Abstract 18240: Wnt Signaling Negatively Regulates the Proliferation of Adult Cardiac Progenitor Cells
Recent studies have demonstrated the existence of endogenous cardiac stem/progenitor cells capable of regenerating damaged myocardium following myocardial infarction (MI). Cardiac side population (CSP) cells are cardiac precursors found in the adult myocardium, which are able to differentiate into functional cardiomyocytes both in vitro and in vivo, following MI. In response to local tissue injury, CSP cells are maintained through a process of self-renewal. The molecular signals that control the self-renewal of adult progenitor cells in the heart remain unclear. Canonical Wnt signaling pathway has been implicated in the regulation of tumor progression, development and regeneration in various tissues. The goal of this study was to determine the effects of Wnt signaling pathway on the homeostasis of adult CSP cells under normal and disease conditions.

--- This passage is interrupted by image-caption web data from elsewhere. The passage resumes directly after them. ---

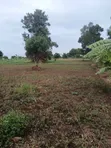 1 Acre Land for Sale near Wobulenzi - 2
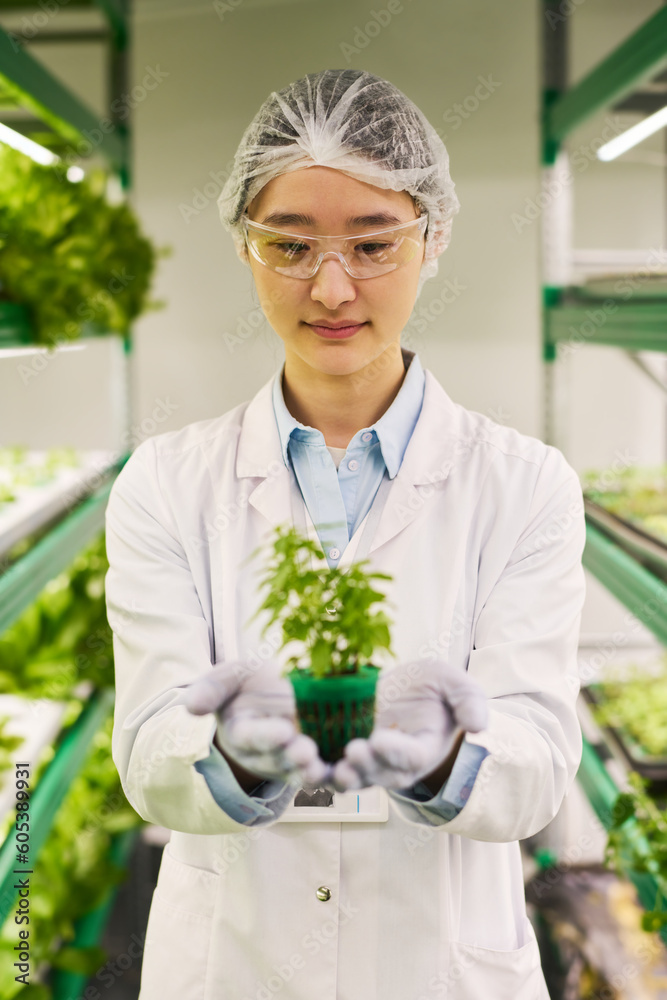 Aufkleber young asian female scientist in lab coat looking at green seedling in her gloved hands while standin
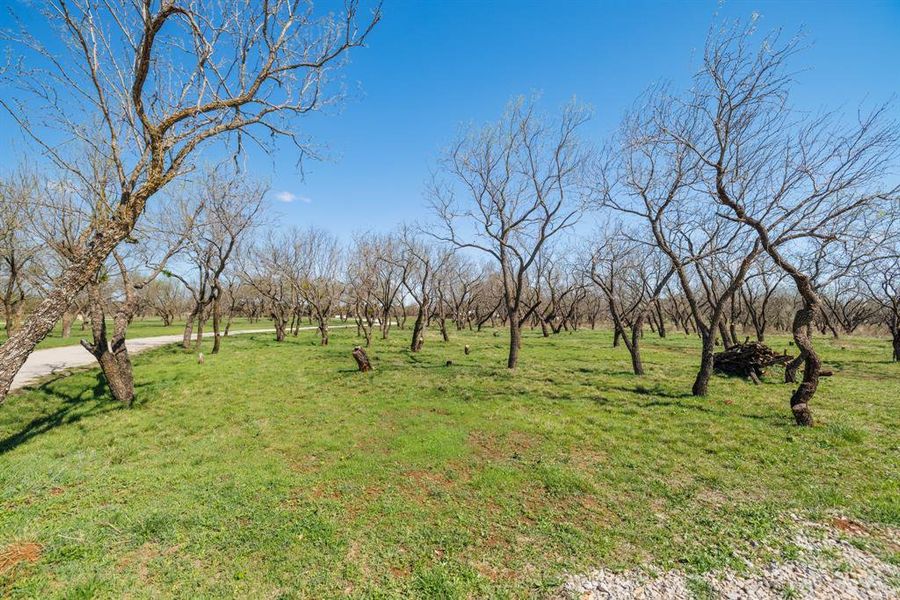 Natural landscape and outdoor views near  in Early (Image 30).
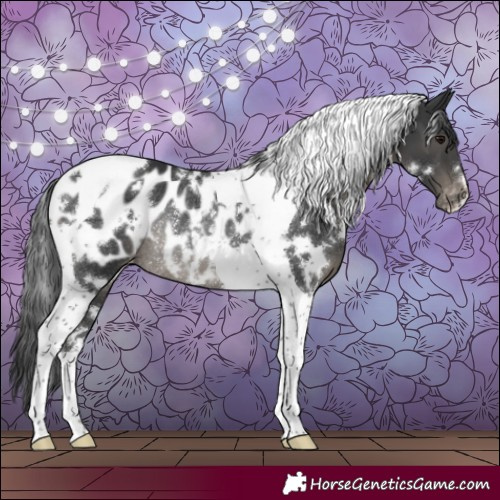 Horse Color:White Spotted Black Tobiano Appaloosa Rabicano 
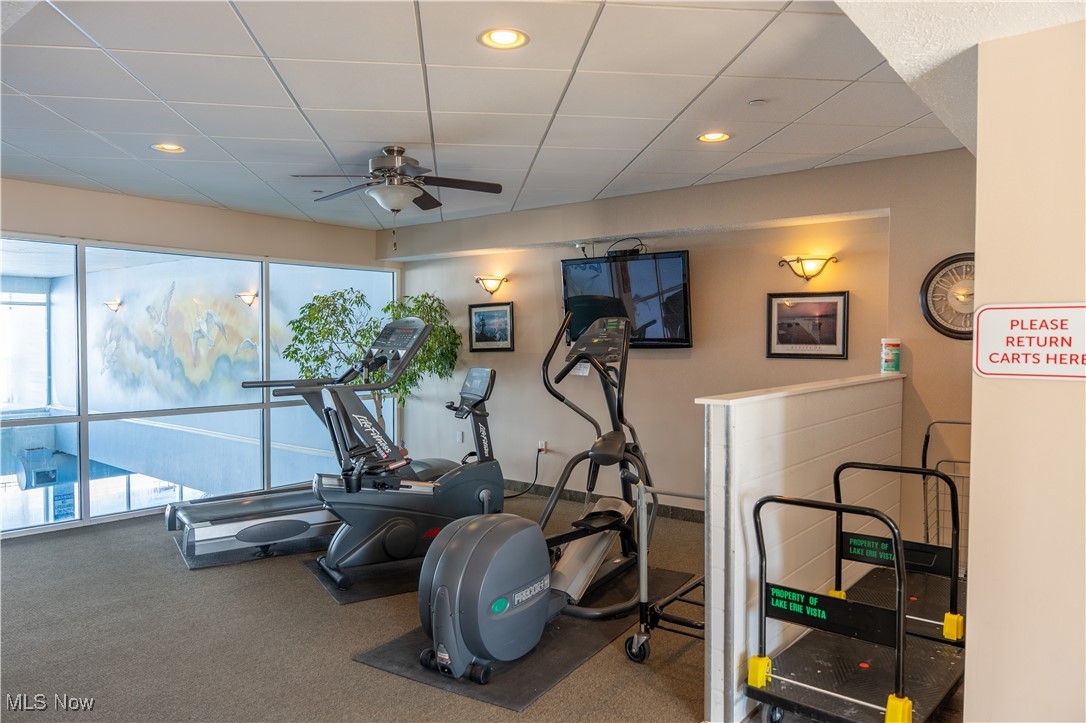 Lake Erie Vista Condo - Residential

Results: In contrast to previous work in embryonic or early post-natal cardiac stem cells, we reveal that Wnt signaling negatively regulates adult CSP progenitor cell proliferation, both in vitro and in vivo through suppression of cell cycle progression. Furthermore, we demonstrate that Wnt signaling exerts its anti-proliferative effect through the activation of insulin-like growth factor binding protein 3 (IGFBP3). Administration of recombinant Wnt3a protein in the infarct/border zone of mouse hearts, following MI decreases the amount of cardiac CSP cells and impairs the endogenous cardiac regenerative capacity, as evidenced by the decreased number of BrdU positive cardiomyocytes. Reduction of cardiac regenerative capacity mediates adverse effects on post-MI remodeling and performance.
Conclusion: Our data demonstrate that Wnt signaling represents an effective negative regulator of adult cardiac progenitor cell proliferation, under physiologic conditions and post-MI. Inhibition of Wnt signaling may be considered as an approach to promote cardiac regeneration following ischemic injury.
- © 2011 by American Heart Association, Inc.